FitzSimons cited higher direct education costs as the reason for increases in the proposed school budget, specifically related to teacher salaries, special education costs, and costs for full-time one-to-one paraprofessionals. She remarked on the success of the child nutrition programs at the school. Not all of the food costs are fully refunded from state and federal governments. The school budget includes $45,500 for child nutrition – breakfast, lunch, and after-school snacks. About half of the students are income eligible for the free lunch program.

FitzSimons also explained that her contract with the school was changed as well, in part as a cost-saving measure. She will be present 175 days instead of 205, a payroll reduction of $8,000 (not including employee benefits). Her base part-time salary will be $76,000, plus benefits. She and the board members mutually agreed upon this arrangement, and she assured parents that on days she is not present in the building there will still be a person in charge of the school. The board also cut the school nurse’s hours from one full day a week to a half day per week.

Throughout the budget, the board made smaller line item reductions to try to control costs, but the overall increase still comes to 3.4%, which also leads to an increase in property taxes. The state uses a complicated formula by which it determines the property tax rates, a matter that is not in the hands of local school boards, a point that Rucker emphasized to the voters.

John said, “I know we like to beat up on the Legislature, but keep in mind that the increases are derived backwards from the predicted school budgets, and are based on the assumption that all school budgets will go up.”

John was also asked to explain certain line items in the WCSU budget related to costs for teachers who spend a small portion of their time at different schools in rotation, such as art teachers or music instructors.

He said the WCSU pays the teachers, and then assesses each town accordingly for them and for other services as well such as special education professionals and guidance counselors.

“It is easier to have these educators sign one contract with the WCSU, than to sign four or five contracts with each individual school board,” he said.

John also said that issues related to the federal sequester have affected their spending as school supervisors.
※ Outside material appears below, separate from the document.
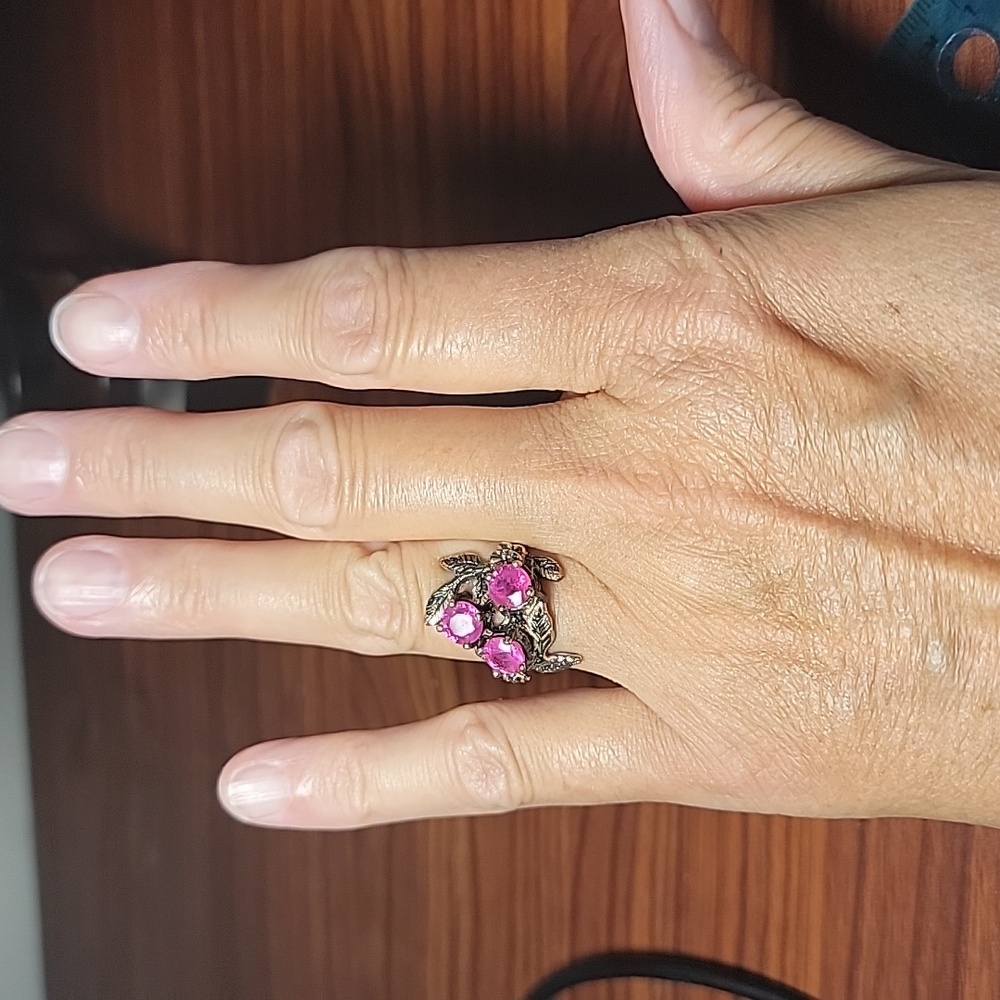 925 Sterling Silver And Natural Ruby Leaf Ring, S… - image 6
Wardsboro taxpayers are assessed $47,200 for supervisory administration, $4,000 more than last year.

About one hour after the meeting began, moderator Backus re-read Article 4 to the voters and the article passed, although the vote was not unanimous.

Article 5, the election of school board members, proceeded without comment. Rick Thorpe, Michael Cusick, and Sheri Lewis will all continue to serve additional terms.

Article 6 passed without discussion also, and the school board members’ compensation was set at $200, the same as the prior year.

Article 7 set the time and place of the 2015 school meeting for Monday, March 2, 2015, at 6:30 pm, at Wardsboro Town Hall.

Board chair Rick Thorpe said that he sees that there is more participation if the meetings are held in the evening before Town Meeting, so that more working parents are able to attend.

There was no further business transacted under Article 8 and the meeting was adjourned by Backus at about 8 pm, with many thanks to the voters and a final comment. “This is democracy at work,” he said.

Coffee service during Town Meeting was provided by a group of Wardsboro residents who are seeking to raise $6,000 to restore a set of antique backdrop curtains for the stage in town hall. Karen Davis showed images of the muslin curtains, which are being given to Wardsboro free by a grange in West Paris, Maine.

The group is seeking donations, volunteer workers, and ideas for fundraising to restore and install the vintage scenery.